**Task goal**: Given these entries, repeat exactly the lines starting with the one that has "Studebaker Retro Classic AM/FM Radio" and going on through the one that has "Внедорожник / Кроссовер", both included, but none of the pictures.

**Input data**:
[Start of section]

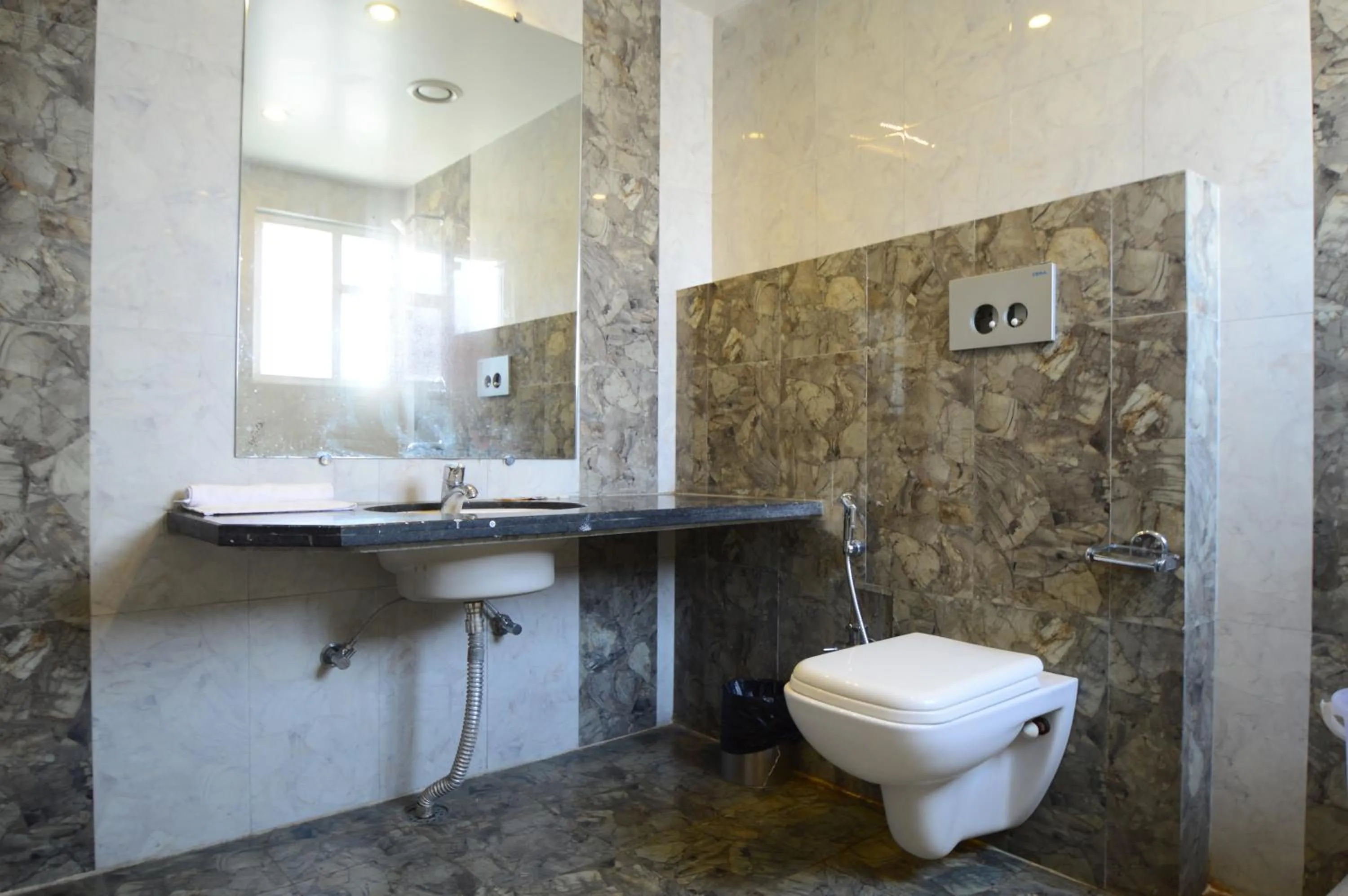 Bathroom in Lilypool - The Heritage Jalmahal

[End of section]
[Start of section]

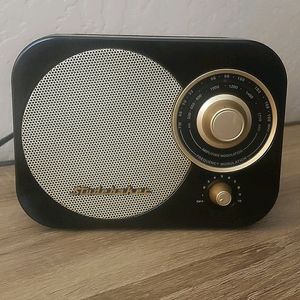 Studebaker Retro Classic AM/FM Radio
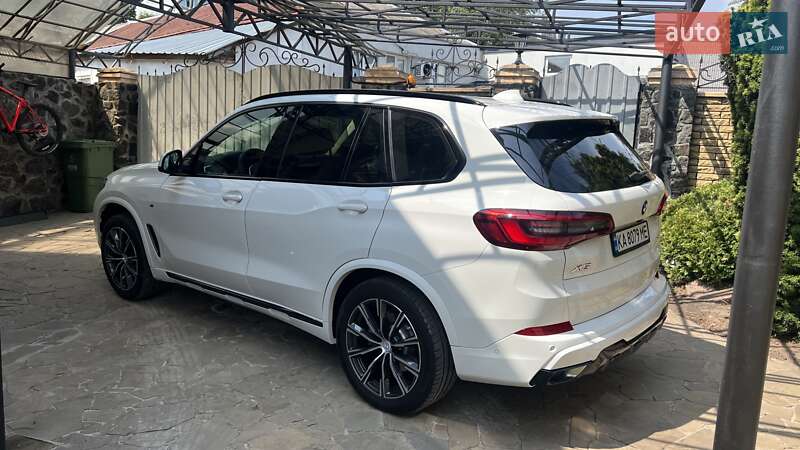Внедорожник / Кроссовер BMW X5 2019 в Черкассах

[End of section]

**Reply**:
 Studebaker Retro Classic AM/FM Radio
Внедорожник / Кроссовер BMW X5 2019 в Черкассах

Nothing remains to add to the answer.